What Lithium Batteries do Electric Vehicles like Tesla Use?

Lithium-Ion batteries in EVs use various lithium chemistry combinations to tweak performances. They are designed to provide high energy density while providing high power to weight ratio. Tesla batteries have some additions in their designs to increase the battery’s capacity.

Research and development is still being done to improve on these batteries for safer and better performance and also price which we discuss later on.

But generally, Lithium battery technology is truly advanced compared to the older Lead-acid batteries.

Let’s look at why.

Advantages of Lithium Batteries

High Energy Density

Lithium batteries can store more energy than Lead-acid batteries. Up to 4 times and a lead-acid battery with the same capacity can take up more than 10 times the space.  Not only does this save space but it gives an electric car more range when running on Lithium batteries than it would on Lead Acid batteries.  This is why most electric cars and even hybrids use lithium batteries.

Usable Capacity

You can discharge a lithium battery up to 90% without damaging the battery while you can only safely discharge a Lead Acid battery up to 50%. This means that a 100 ah Lithium battery is almost equal to a 200 ah Lead Acid battery in terms of draw.


Battery lifespan is not measured in terms of lifespan but rather the number of cycles it can handle before it expires.  A cycle is when you discharge a battery and then charge it back again.  While Lead-acid batteries can last up to 1000 cycles Lithium batteries last up to 3000 cycles.  This loosely translates to 3 years and 8 years but this can be less or higher depending on the number of cycles you use.

Less Weight

Lithium batteries with the same capacity as Lead Acid batteries can weigh up to 30% less.  This is why they are used in portable devices like phones and laptops and bigger applications such as power stations for camping.


Lithium batteries can be mounted in any direction as they do not have an electrolyte to spill.
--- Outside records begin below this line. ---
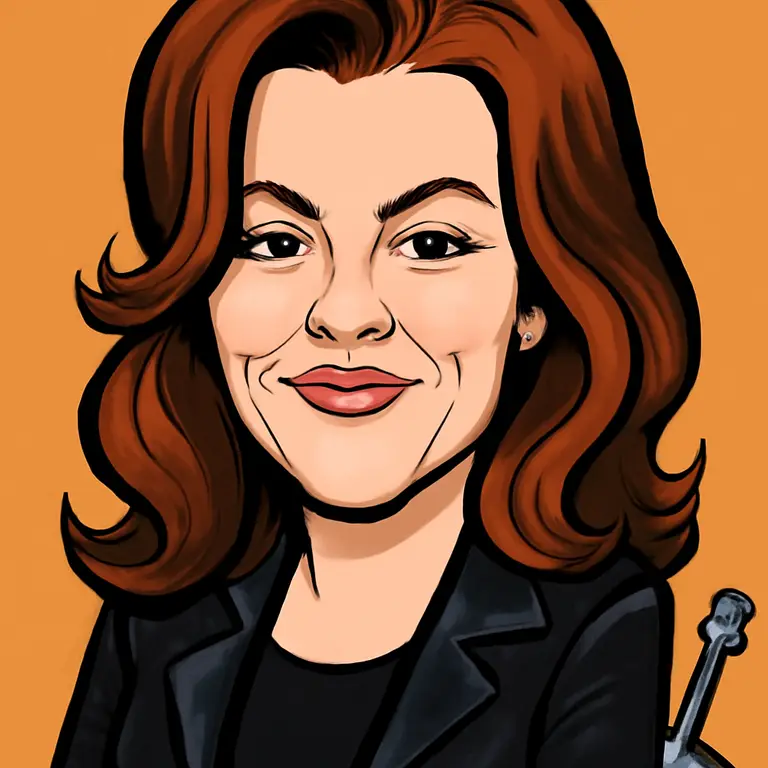 Portrait of Lisa Marie Presley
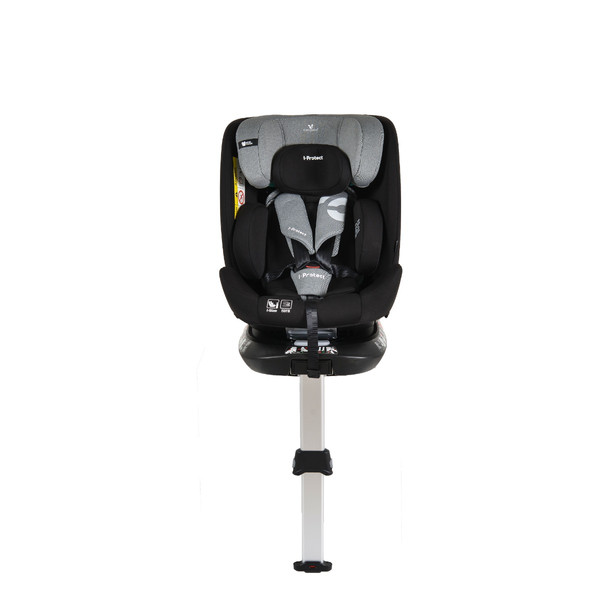 Weekendaanbieding: Cangaroo i-Protect Steel Grey 40-150 cm 360° i-Size Autostoel 112310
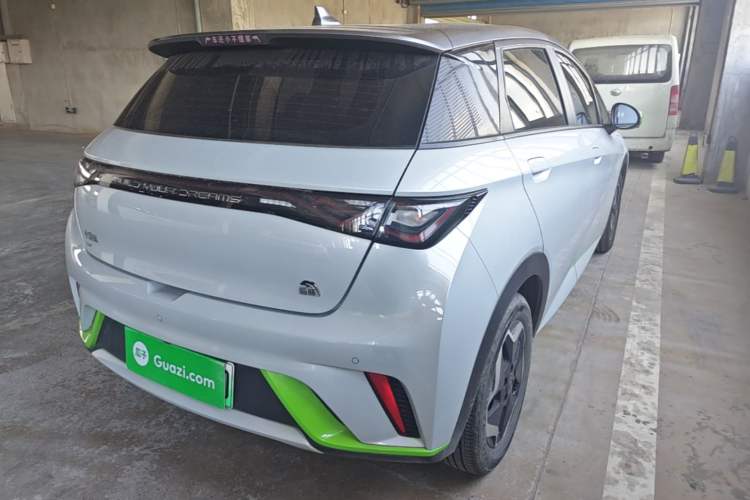 Used BYD Dolphin 2021 405 km Free Version Rear Right 45 Deg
They can also withstand vibrations.

Rapid Charging

Lithium batteries can be quickly recharged as they do not go to the absorption stage of charging like lead-acid batteries and jump from bulk to float. While a typical 12V Lead-acid battery can take up to 10 hours to charge. It will take only 3 hours for a lithium battery to fully charge.

Constant Voltage

Lithium batteries maintain a high voltage even when highly discharged providing constant power throughout the charge cycle.


Lithium batteries are quite efficient when charging. They won’t heat up and can take up 99% of the charge from a charger.

Self Discharge

Lead Acid batteries will go dead even when left in storage as they discharge very quickly (up to 30%). You will need to maintain the charge with a trickle charger or make sure to recharge every month. This is not an issue with Lithium batteries as it can hold a full charge for even up to 1 year as it only experiences a 3% monthly discharge.
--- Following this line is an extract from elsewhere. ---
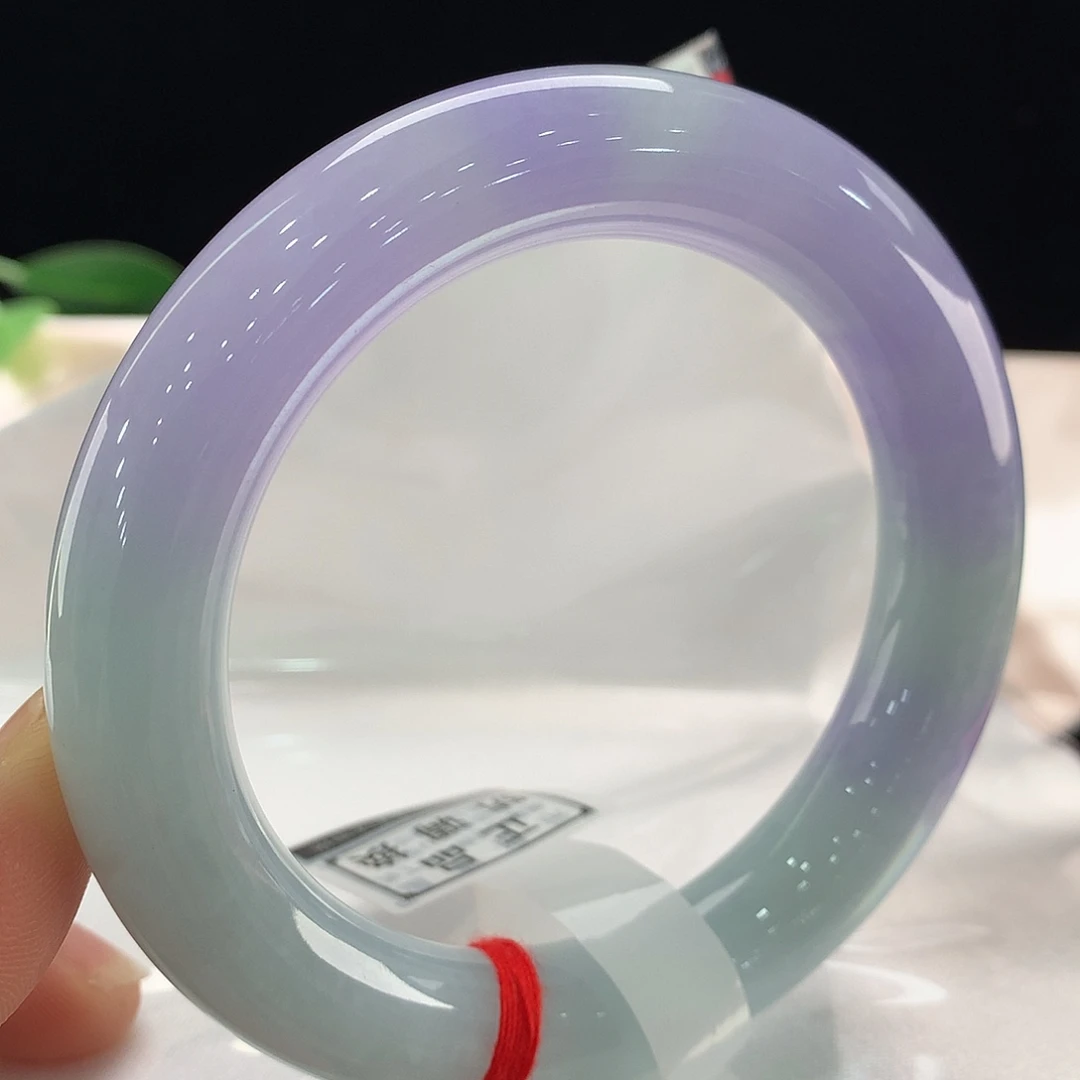 翡翠未镶嵌手镯4002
The downside to Lithium Batteries

Low Temperatures

Lithium batteries do not perform well in low temperatures.  Discharging Lithium batteries in temperatures below freezing can cause issues. You may need to warm up the batteries in order to discharge them.

CCA Rating

As stated before CCA or Cold Cranking Amps is the amps you can draw from a battery for 30 seconds at 0°F. Lithium batteries will not have these ratings and these may cause an issue when replacing your starting batteries. However, this does not mean it will not support starting as lithium batteries can support a bigger draw than lead-acid in less time.
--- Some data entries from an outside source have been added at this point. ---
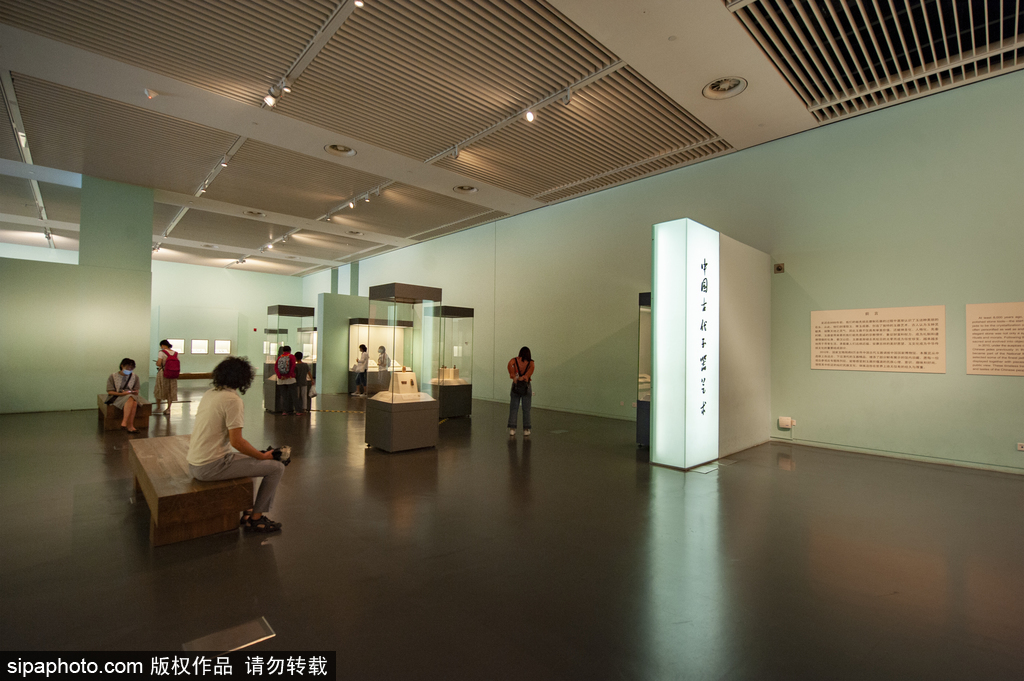 中国国家博物馆常设展览，古代玉器艺术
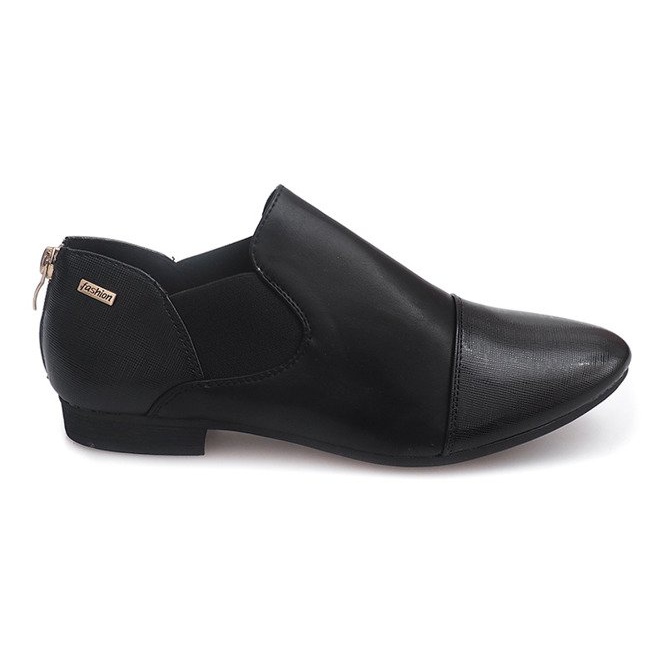 Classic Shoes LS97 Black white Classic Shoes LS97 Black white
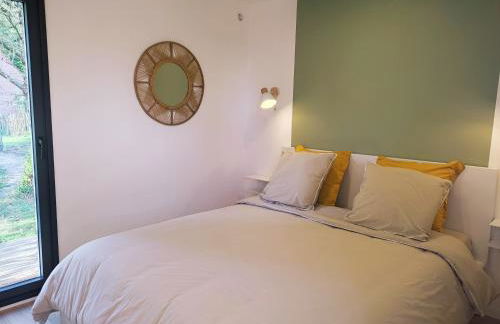 L'Ermitage - écolodge avec jardin clôturé - Foto 3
The biggest impediment to upgrading to Li-Ion Batteries is the price. An H7 Lead Acid battery can cost less than $300 but this can be up to triple the amount when you go for Lithium.

Lithium batteries are better batteries that Lead Acid in more ways than one. They reduce weight of your car and take up less space. They charge faster, provide more power and last longer. However price is the biggest impediment when it comes to using Lithium batteries for starting especially on Diesel vehicles where it does not power the running of the vehicle.

These batteries however will work great for RVs and solar and this is where the cost can be competitive with lead-acid.  Because they last longer and you can discharge more you can replace a Lead Acid bank with a Lithium battery bank with 50% less in capacity and get the same power.